The Australian arts scene, company managements and professions are stuffed with upwardly mobile ex-New Zealanders. Australians own large parts of the New Zealand economy and send emissaries to run branch offices and sub-branch offices; Australian public servants are liberally recruited to head government departments and commissions. But New Zealanders often resent what they see as Australian — by which they mean foreign — dominance.

New Zealanders would see an attack on Australia as an attack on New Zealand. They work hand-in-glove to stabilise Pacific island countries when they get into difficulties. But New Zealanders do not share Australians’ strong support for tight alliance with the United States. New Zealand could no more have joined the Iraq invasion than Australia could have not joined it.

Australia’s indigenous population is tiny and thus poses at most a moral issue for the majority (not even that for most of the majority). New Zealand’s indigenous population is large and thus critical to economic performance and social cohesion and is consequently accorded special status in the power structure. It also is an important and growing definer of our culture, by which I mean “who we are”.

The list is long. In every aspect of economic, social and political life there is both convergence and divergence between what Australians are and do and what New Zealanders are and do. The same goes for laws and regulations.

Our citizenries merge easily but in 2001 Helen Clark explicitly ruled out common citizenship.

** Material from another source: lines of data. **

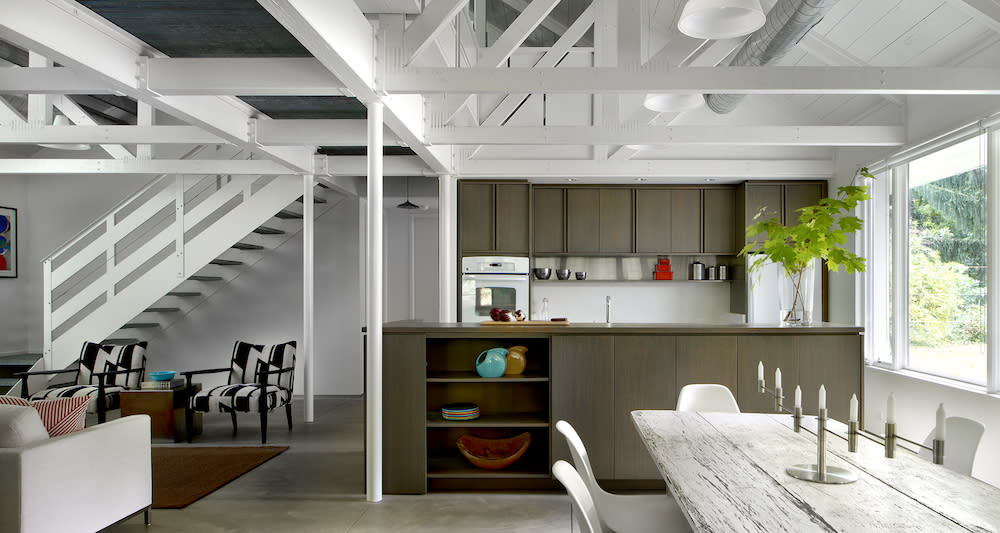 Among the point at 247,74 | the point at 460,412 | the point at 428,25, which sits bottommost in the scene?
the point at 460,412

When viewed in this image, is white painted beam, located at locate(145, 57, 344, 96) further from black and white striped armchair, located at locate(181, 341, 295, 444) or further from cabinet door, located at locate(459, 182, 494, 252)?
cabinet door, located at locate(459, 182, 494, 252)

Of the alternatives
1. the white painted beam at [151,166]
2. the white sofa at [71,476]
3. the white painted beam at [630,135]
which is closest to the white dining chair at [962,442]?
the white painted beam at [630,135]

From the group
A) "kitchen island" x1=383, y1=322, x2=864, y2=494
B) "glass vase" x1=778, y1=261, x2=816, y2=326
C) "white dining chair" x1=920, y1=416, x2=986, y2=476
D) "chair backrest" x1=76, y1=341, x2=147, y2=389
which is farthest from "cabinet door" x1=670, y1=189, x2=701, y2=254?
"chair backrest" x1=76, y1=341, x2=147, y2=389

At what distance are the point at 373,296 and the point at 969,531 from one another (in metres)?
3.37

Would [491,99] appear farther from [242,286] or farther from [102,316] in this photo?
[102,316]

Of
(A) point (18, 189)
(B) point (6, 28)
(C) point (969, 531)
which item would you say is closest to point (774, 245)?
(C) point (969, 531)

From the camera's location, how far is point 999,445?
14.5 ft

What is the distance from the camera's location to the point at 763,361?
4699 millimetres

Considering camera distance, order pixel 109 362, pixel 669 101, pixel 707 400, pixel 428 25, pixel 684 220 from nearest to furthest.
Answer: pixel 707 400 < pixel 428 25 < pixel 669 101 < pixel 109 362 < pixel 684 220

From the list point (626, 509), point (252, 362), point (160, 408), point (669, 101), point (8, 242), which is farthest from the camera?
point (8, 242)

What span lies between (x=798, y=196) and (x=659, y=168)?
1.68 m

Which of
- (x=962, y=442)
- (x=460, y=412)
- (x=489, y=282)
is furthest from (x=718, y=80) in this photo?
(x=489, y=282)

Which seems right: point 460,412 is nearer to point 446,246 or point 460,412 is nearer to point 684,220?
point 446,246

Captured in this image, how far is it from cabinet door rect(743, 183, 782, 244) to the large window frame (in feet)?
3.57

Thus our political and court systems must remain distinct. But increasingly, because of that easy intermingling, each jurisdiction needs to cooperate with the other.

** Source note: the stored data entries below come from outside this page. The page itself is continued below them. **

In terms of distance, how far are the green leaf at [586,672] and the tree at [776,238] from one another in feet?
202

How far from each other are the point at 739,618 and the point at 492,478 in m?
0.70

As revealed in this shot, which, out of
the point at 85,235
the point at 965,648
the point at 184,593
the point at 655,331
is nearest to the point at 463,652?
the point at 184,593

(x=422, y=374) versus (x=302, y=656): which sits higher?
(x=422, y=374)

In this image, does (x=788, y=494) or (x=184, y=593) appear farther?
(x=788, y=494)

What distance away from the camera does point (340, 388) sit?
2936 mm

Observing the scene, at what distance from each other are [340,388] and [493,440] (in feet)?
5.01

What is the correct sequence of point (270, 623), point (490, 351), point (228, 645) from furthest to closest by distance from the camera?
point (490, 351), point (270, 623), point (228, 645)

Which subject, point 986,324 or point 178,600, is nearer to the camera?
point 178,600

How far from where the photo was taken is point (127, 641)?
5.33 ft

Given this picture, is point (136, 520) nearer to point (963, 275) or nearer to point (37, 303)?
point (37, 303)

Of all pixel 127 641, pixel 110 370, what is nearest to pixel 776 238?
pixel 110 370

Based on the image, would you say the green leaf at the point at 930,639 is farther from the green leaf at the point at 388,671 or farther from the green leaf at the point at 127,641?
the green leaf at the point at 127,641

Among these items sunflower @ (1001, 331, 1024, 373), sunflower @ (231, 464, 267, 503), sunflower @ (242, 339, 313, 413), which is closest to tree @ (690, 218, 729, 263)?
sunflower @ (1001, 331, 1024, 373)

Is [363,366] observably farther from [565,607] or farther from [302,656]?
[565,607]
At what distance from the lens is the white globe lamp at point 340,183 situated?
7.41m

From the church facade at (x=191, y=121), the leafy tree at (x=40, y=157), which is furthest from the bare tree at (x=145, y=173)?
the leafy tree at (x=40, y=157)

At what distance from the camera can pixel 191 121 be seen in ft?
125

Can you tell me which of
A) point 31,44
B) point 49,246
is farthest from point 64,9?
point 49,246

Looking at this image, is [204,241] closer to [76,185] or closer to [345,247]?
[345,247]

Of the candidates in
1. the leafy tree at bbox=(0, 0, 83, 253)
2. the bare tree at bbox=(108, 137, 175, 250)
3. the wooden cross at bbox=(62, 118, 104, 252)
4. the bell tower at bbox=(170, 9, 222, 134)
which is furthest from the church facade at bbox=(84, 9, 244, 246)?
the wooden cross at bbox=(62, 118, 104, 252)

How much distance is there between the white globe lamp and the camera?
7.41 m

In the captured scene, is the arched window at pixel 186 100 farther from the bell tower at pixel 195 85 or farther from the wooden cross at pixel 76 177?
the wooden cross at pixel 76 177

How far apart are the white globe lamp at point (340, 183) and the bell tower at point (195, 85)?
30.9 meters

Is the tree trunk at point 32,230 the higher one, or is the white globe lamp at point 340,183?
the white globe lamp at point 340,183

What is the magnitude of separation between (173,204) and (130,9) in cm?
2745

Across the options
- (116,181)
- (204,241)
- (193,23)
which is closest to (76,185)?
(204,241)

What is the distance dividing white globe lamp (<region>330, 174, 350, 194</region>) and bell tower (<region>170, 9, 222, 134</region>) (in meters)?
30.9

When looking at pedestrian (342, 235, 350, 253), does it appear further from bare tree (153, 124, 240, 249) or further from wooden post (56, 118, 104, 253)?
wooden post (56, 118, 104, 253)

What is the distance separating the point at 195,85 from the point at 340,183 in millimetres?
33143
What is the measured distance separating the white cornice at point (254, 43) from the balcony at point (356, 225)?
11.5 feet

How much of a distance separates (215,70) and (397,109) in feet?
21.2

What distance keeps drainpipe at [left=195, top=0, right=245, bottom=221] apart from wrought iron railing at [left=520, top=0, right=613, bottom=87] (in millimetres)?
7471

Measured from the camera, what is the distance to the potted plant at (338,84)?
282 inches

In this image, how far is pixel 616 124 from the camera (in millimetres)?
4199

Our two countries’ national customs are near-indistinguishable to visitors from Asia. We share soap operas and rugby league excitements. But New Zealand increasingly feels like the Pacific island archipelago it is whereas Australia is a distinct continent against which the Pacific washes.

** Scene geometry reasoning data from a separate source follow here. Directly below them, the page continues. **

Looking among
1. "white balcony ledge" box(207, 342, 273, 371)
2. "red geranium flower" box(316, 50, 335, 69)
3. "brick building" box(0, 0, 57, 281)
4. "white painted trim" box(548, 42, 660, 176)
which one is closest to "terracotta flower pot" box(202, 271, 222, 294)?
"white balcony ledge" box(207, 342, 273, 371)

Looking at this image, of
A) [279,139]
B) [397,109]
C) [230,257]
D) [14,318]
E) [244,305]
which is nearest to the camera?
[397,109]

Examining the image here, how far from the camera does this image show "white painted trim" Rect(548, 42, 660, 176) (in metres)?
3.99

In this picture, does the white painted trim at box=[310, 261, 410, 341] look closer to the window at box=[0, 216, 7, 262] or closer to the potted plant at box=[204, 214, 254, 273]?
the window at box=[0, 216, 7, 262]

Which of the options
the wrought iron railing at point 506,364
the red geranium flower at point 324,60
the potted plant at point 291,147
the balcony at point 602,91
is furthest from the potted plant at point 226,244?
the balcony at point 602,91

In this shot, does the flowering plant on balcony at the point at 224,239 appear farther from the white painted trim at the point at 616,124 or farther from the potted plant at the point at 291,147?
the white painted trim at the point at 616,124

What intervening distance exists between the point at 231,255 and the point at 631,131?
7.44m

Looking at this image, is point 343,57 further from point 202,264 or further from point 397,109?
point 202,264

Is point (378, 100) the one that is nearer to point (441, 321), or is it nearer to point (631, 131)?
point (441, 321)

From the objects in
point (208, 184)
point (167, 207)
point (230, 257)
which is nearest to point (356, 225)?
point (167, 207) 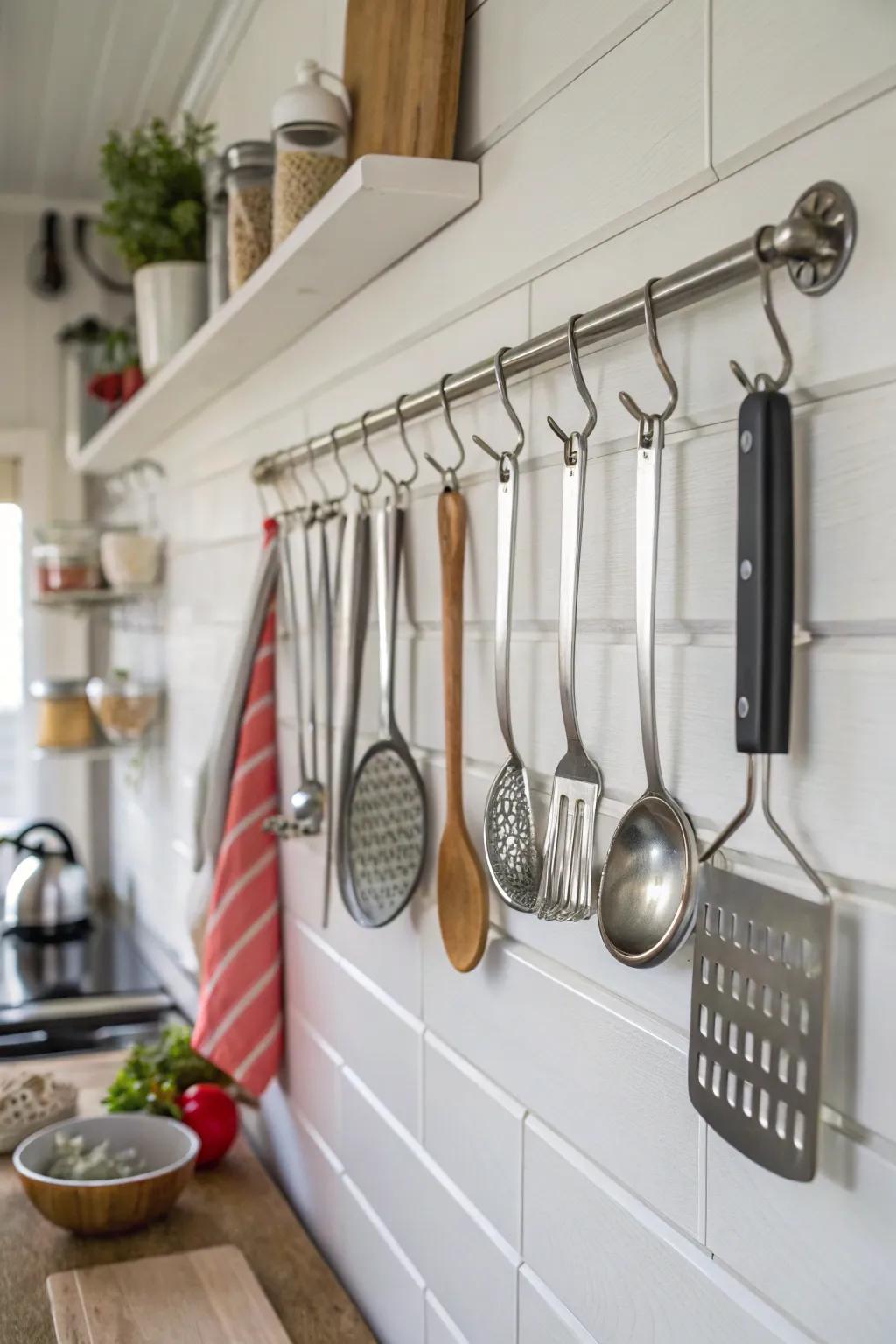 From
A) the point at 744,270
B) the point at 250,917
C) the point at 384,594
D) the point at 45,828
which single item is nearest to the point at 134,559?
the point at 45,828

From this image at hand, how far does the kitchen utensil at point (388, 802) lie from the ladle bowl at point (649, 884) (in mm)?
340

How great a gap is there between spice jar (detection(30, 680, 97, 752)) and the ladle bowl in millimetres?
1982

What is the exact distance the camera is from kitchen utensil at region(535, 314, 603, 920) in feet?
2.43

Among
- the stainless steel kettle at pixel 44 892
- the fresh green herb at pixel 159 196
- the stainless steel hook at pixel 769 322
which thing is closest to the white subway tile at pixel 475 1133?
the stainless steel hook at pixel 769 322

The economies are so deeply integrated and intertwined that re-segregation is near unimaginable and is in any case undesired, except by a tiny few. But they are regulated differently and differences are likely to remain a good long while yet.

The Australia New Zealand Closer Economic Relations Agreement (CER) both recognised the growing integration of the populations which cheap jet travel enabled and encouraged and promoted the economic integration that was bound to follow. CER was an instrument of convergence, explicitly of the two economies and implicitly of the two societies. “Closer relations” was the name chosen, not “free trade”. Free trade was achieved by 1990 and very nearly free trade in services followed over the next decade (1). By 1990 analysts, business leaders and politicians were talking of developing CER into a “single economic market” (SEM) in which, as New Zealand Prime Minister Sir Geoffrey Palmer enthused in 1990, “[t]he Tasman will not be a legal, administrative or financial barrier to the free flow of commerce”.

But running counter to CER have been currents of divergence. Some are unconscious — politicians and officials have simply gone their own way without checking their actions against CER and the SEM. Some are intentional or at least taken despite being aware of CER/SEM implications. The Australians’ sudden cancellation by fax in 1994 of a single aviation market was a low point. Moreover, while New Zealand is Australia’s biggest source of tourists and destination for offshore investment and fifth biggest export market, Australian officials have bigger prospective fish to fry in Asia and North America and sometimes explicitly say so, as Treasurer Peter Costello did in 2005 when pressing New Zealand on banking and finance regulation. The gains to Australia and Australian interests need to be clear before the full weight of Australian attention is brought to bear. That is asymmetry in action.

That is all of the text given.